TASK DESCRIPTION: Copy word for word, please, the lines of the entries below running from the one containing "Beechcraft King Air" to the one containing "Large Square White", both ends included.

RECORDS TO PROCESS:
= Beginning of Section =

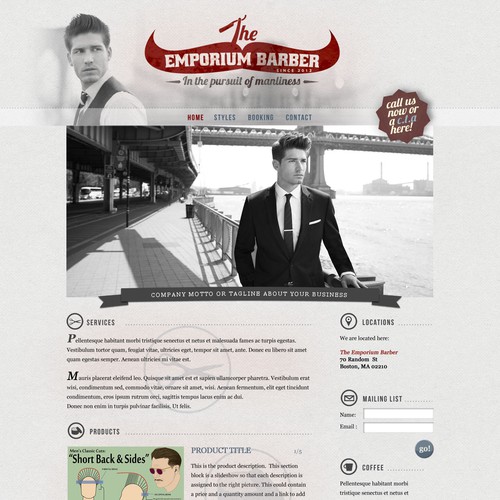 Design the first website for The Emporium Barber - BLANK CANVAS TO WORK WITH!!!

= End of Section =
= Beginning of Section =

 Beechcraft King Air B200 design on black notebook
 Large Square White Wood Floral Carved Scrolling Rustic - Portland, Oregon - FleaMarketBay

= End of Section =

SOLUTION FOR THIS TASK:
 Beechcraft King Air B200 design on black notebook
 Large Square White Wood Floral Carved Scrolling Rustic - Portland, Oregon - FleaMarketBay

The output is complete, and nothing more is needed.